By revising the two-century-old Insurrection Act, the law in effect repeals the Posse Comitatus Act, which placed strict prohibitions on military involvement in domestic law enforcement. The 1878 Act reads, "Whoever, except in cases and under circumstances expressly authorized by the Constitution or Act of Congress, willfully uses any part of the Army or Air Force as a posse comitatus or otherwise to execute the laws shall be fined under this title or imprisoned not more than two years, or both." As the only US criminal statute that outlaws military operations directed against the American people, it has been our best protection against tyranny enforced by martial law-the harsh system of rules that takes effect when the military takes control of the normal administration of justice. Historically martial law has been imposed by various governments during times of war or occupation to intensify control of populations in spite of heightened unrest. In modern times it is most commonly used by authoritarian governments to enforce unpopular rule.'
Section 333 of the Defense Authorization Act of 2007, entitled "Major public emergencies; interference with State and Federal law," states that "the President may employ the armed forces, including the National Guard in Federal service-to restore public order and enforce the laws of the United States when, as a result of a natural disaster, epidemic, or other serious public health emergency, terrorist attack or incident, or other condition in any State or possession of the United States, the President determines that domestic violence has occurred to such an extent that the constituted authorities of the State or possession are incapable of (or "refuse" or "fail" in) maintaining public order-in order to suppress, in any State, any insurrection, domestic violence, unlawful combination, or conspiracy."

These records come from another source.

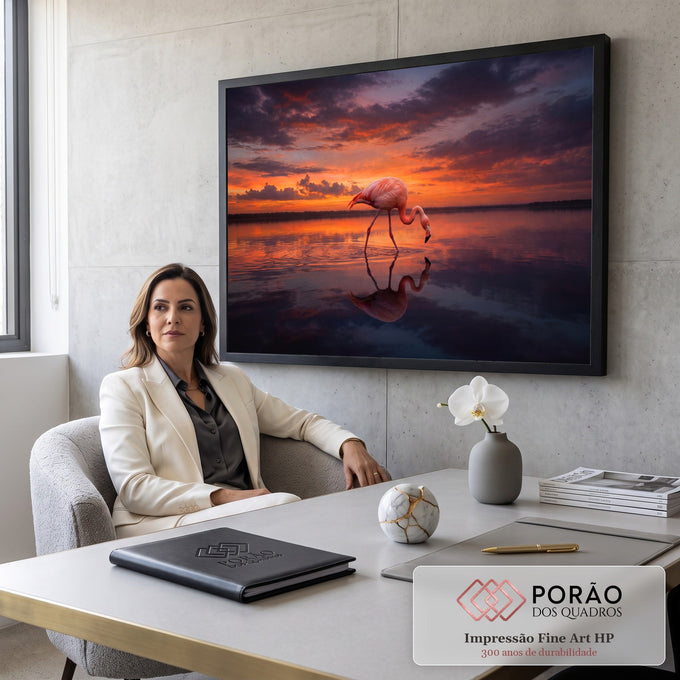 Flamingo rosa caminhando em lago calmo com reflexo na água sob céu laranja de pôr do sol, quadro decorativo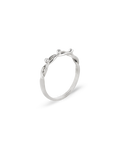 White gold ring featuring three brilliant-cut diamonds set along intertwined vine-inspired bands with an airy sculptural design.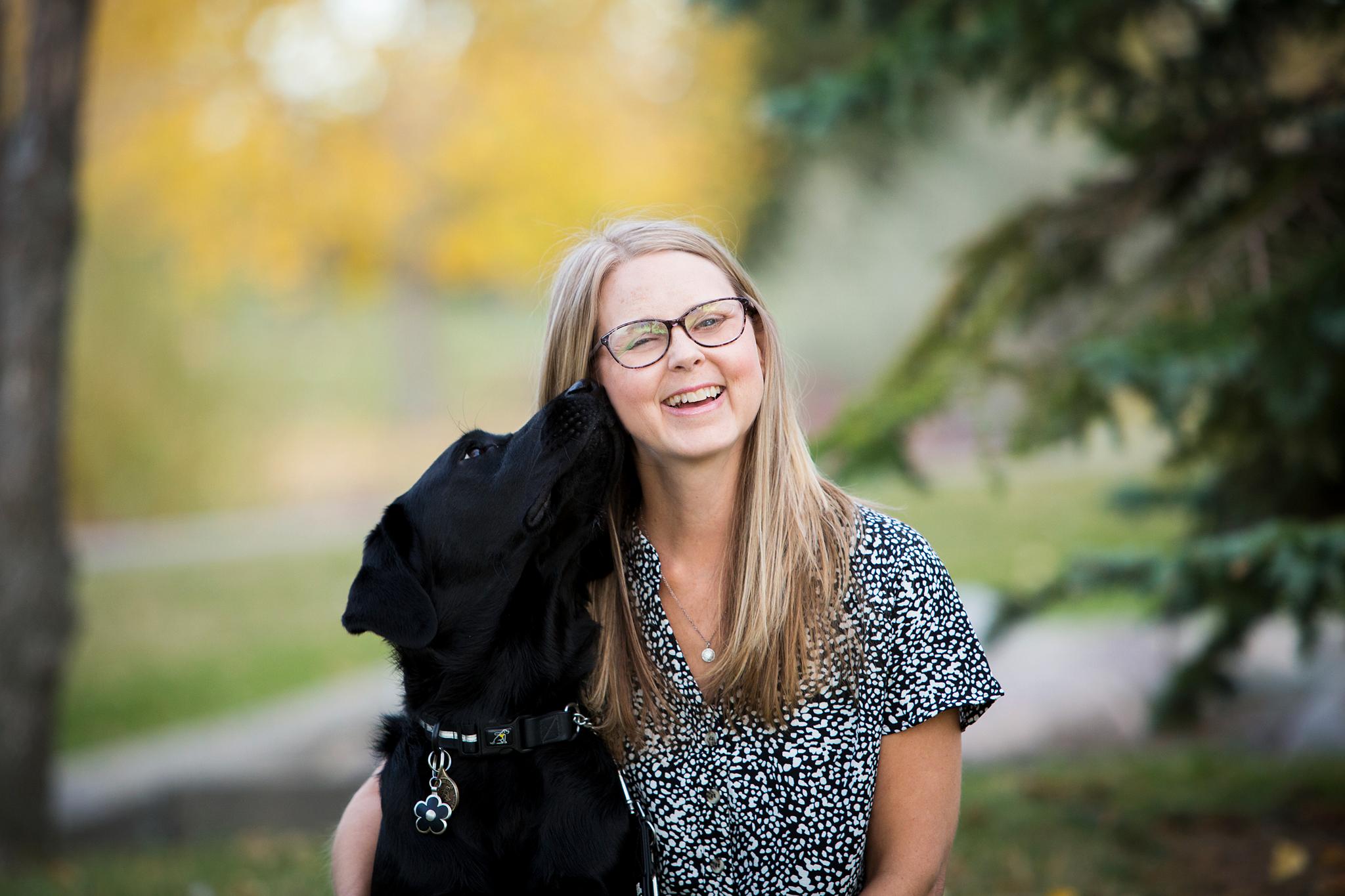 Becki is smiling next to her CNIB guide dog, Lulu who is sniffing her ear.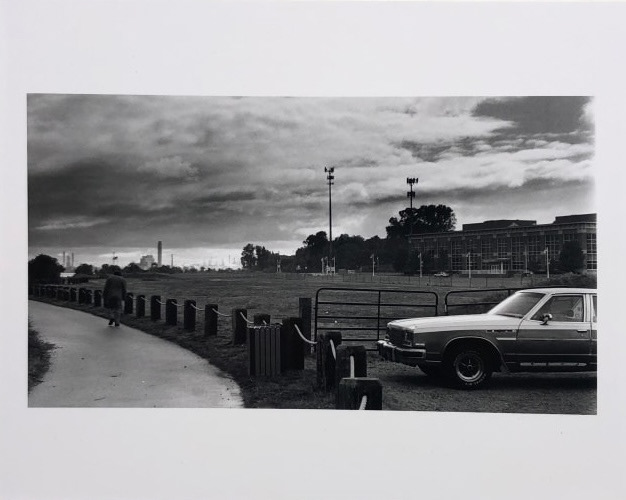 Black and white photograph of a parked car next to a field and sidewalk with a lone person walking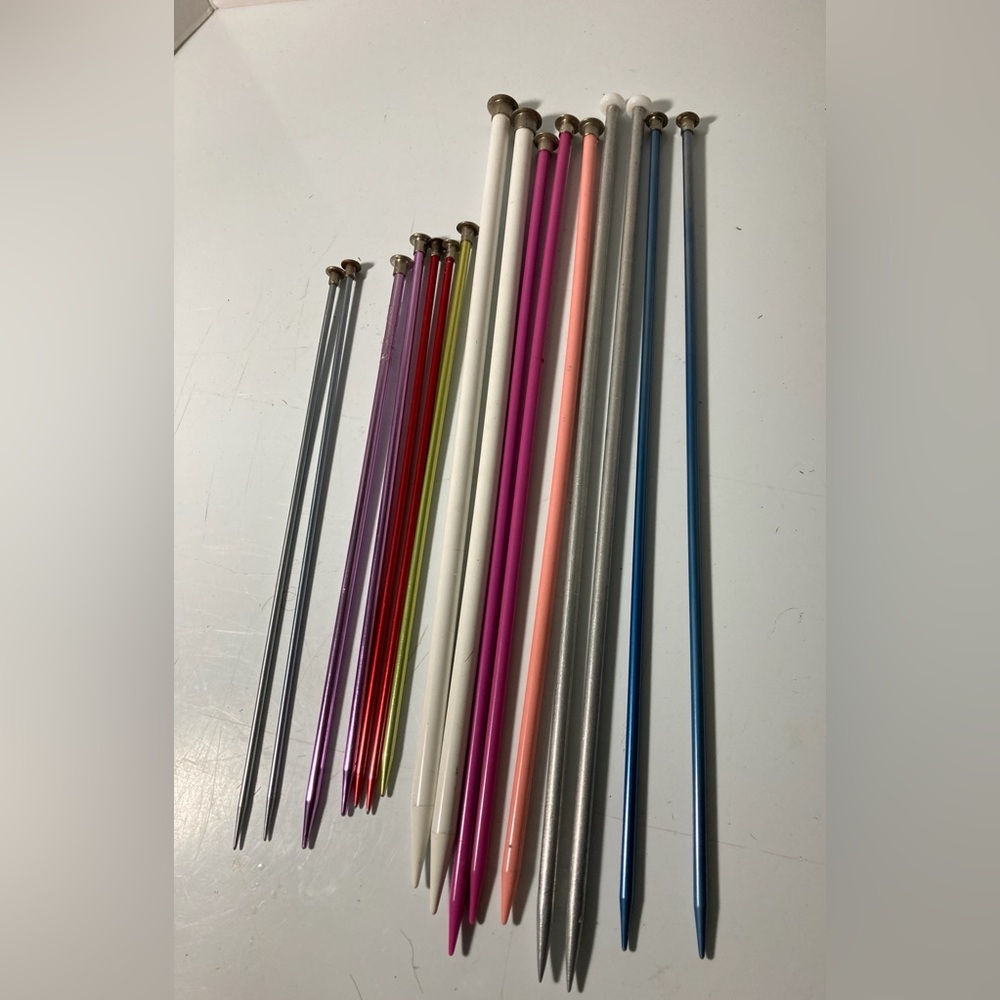 Variety of different size knitting needles. From 15" down to 10"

Thus an Act of Congress, superceding the Posse Comitatus Act, has paved the way toward a police state by granting the president unfettered legal authority to order federal troops onto the streets of America, directing military operations against the American people under the cover of "law enforcement."

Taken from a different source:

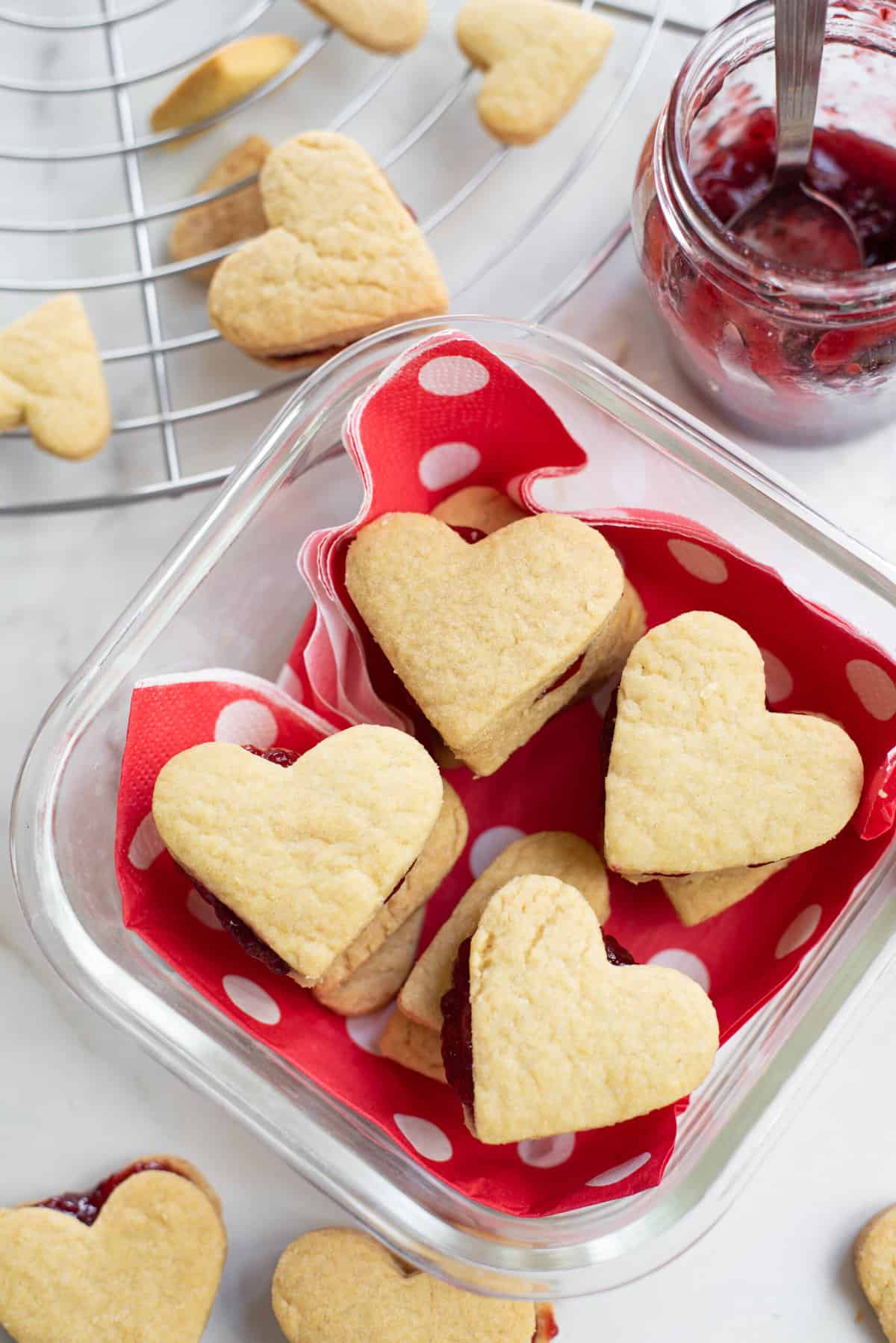 close up image of valentine's day cookies packed in a themed glass container.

The massive Defense Authorization Act grants the Pentagon $532.8 billion to include implementation of the new law which furthermore facilitates militarized police round-ups of protesters, so-called illegal aliens, potential terrorists, and other undesirables for detention in facilities already contracted and under construction, and transferring from the Pentagon to local police units the latest technology and weaponry designed to suppress dissent.
Author Frank Morales notes that despite the unprecedented and shocking nature of this act, there has been no outcry in the American media, and little reaction from our elected officials in Congress. On September 19, a lone Senator Patrick Leahy (D-Vermont) noted that 2007's Defense Authorization Act contained a "widely opposed provision to allow the President more control over the National Guard [adopting] changes to the Insurrection Act, which will make it easier for this or any future President to use the military to restore domestic order without the consent of the nation's governors."
A few weeks later, on September 29, Leahy entered into the Congressional Record that he had "grave reservations about certain provisions of the fiscal Year 2007 Defense Authorization Bill Conference Report," the language of which, he said, "subverts solid, longstanding posse comitatus statutes that limit the military's involvement in law enforcement, thereby making it easier for the President to declare martial law." This had been "slipped in," Leahy said, "as a rider with little study," while "other congressional committees with jurisdiction over these matters had no chance to comment, let alone hold hearings on, these proposals."
Leahy noted "the implications of changing the [Posse Comitatus] Act are enormous." "There is good reason," he said, "for the constructive friction in existing law when it comes to martial law declarations. Using the military for law enforcement goes against one of the founding tenets of our democracy. We fail our Constitution, neglecting the rights of the States, when we make it easier for the President to declare martial law and trample on local and state sovereignty."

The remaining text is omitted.